Jeanne: Well, thanks, Brian. My undergraduate degree is in accounting. Believe it or not, I started in an accounting office where I was told on my annual review that I probably didn’t have a future in accounting because I was too loud for the office.
Everything balanced, and everything was good, but I was too noisy for a nice, cut-and-dry accounting office. So that’s when I moved into toys. I worked for Milton Bradley Company in their in-house advertising agency. Then I moved to LEGO, and then I moved into other consulting companies.
Then I got into software, which was an internally funded company called Datum E-business Solutions, which delivered a trusted time application.
A long time ago, way back in the year 2000, it used to be that you’d send an email, and maybe somebody would send it back, but it would be three hours later or three hours before. That’s because networks were not on the same timing device.
So the whole concept of timing and having to be secure became critically important to all networks. From there, I was selling into IT, B2B technology companies, that sort of thing. So that’s my gig.
Brian: Very cool. You’re with Lola right now. Tell our listeners a little bit: what does Lola do?
Jeanne: Lola.com is a corporate travel management solution that allows finance people, office managers, and business travelers themselves to see their full travel and integrate with an expense platform.
I know, Brian, you’ve probably done some expenses before.
Jeanne: You take a picture of the expense, you watch it go into the cloud, you fill out the form, and it takes a half an hour or an hour. I bet you avoid it, right? It’s one of those things.
Brian: It’s something you wait until the last minute to do. If the reports are due on Monday, you’re doing it Sunday night.
Jeanne: Of course, taking away from family time.
Jeanne: We’re integrated with Expensify, Concur, and a whole bunch of different finance applications, as well as travel. So you can book your travel with us.
We have a complete support network that helps you get checked in and makes sure that when disruptions happen, like we were just talking about the polar vortex in Minnesota, people who aren’t traveling in and out because it’s too darn cold can be rerouted or brought back sooner or later.
Those are some of the hiccups that business travelers endure, and we’re trying to mitigate that for them.
Brian: Very cool. I wanted to highlight you because you’ve brought so much since you and I met. We could date ourselves a bit here, but way back, as we’re speaking, I think at a MarketingSherpa Conference.
Brian: Yeah. I was really impressed by you and how you were bringing innovation, creativity, and out-of-the-box thinking. You’ve continued to do that throughout your career.
How did you start thinking differently about driving innovation and out-of-the-box thinking with how you do demand generation?
Jeanne: Well, I can’t claim the credit myself. I would say there were a couple of different influences.
Both my parents are, I call them, artists of a kind. My dad paints, he plays music, he writes. My mom sings and plays music and paints.
When I was in high school, I majored in art. We had to submit a portfolio and do all that, and I enjoy thinking from an artistic view of the world. That’s the left-handed component of me.

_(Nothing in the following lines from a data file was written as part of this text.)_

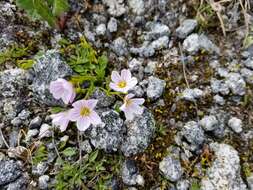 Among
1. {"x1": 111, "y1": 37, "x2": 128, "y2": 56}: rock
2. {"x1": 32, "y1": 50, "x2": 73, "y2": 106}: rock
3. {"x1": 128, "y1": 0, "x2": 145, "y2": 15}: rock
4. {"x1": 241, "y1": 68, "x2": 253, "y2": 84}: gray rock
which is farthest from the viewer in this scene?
{"x1": 128, "y1": 0, "x2": 145, "y2": 15}: rock

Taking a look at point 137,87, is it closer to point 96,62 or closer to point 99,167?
point 96,62

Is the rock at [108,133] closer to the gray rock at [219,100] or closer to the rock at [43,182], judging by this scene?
the rock at [43,182]

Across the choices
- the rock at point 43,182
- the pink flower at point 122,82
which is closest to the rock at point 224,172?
the pink flower at point 122,82

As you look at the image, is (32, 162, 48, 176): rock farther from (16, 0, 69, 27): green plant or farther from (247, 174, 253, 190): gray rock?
(247, 174, 253, 190): gray rock

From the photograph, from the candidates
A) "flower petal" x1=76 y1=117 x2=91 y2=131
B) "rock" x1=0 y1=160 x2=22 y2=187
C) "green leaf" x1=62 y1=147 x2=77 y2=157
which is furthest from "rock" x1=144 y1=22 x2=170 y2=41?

But then, when I graduated from high school, I went to college for accounting because I’m ultimately practical, right? I said I could always get a job adding things up.

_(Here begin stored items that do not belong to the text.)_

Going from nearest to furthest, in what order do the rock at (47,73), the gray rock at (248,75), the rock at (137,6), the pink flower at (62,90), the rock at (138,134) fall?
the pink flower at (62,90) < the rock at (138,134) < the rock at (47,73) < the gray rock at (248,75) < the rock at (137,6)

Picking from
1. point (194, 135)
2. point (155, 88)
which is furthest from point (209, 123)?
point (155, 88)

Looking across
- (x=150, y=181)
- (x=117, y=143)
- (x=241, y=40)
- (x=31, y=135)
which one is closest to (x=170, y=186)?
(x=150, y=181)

What that’s allowed me to do is I read constantly. I read all the time. I’m always trying to look for something that’s a little bit different, a little bit ahead of the curve.
I don’t want to be a totally early adopter, but I want to be at the forefront before the competition catches up with us.
I’m lucky to have a creative outlook. My dad was a newspaperman. He was a managing editor of the newspaper in western Massachusetts, in Springfield, and I can look at things and look at story ideas.
Like, is this a story? Just us having a conversation right here, Brian, is a story, right?
Jeanne: We each have a story. We have a backstory that goes back some 13 years now.
Jeanne: We know each other. We worked together. You have a family. You know my family. That’s a story.
So I sent a note to my internal content team, and I said, “Hey, I’m doing this podcast. When it gets published, I think we should do a press release and post it on the blog and backlink to Brian’s blog because that’s where he’s going to be posting it.”
But that’s not really creative. That’s all execution.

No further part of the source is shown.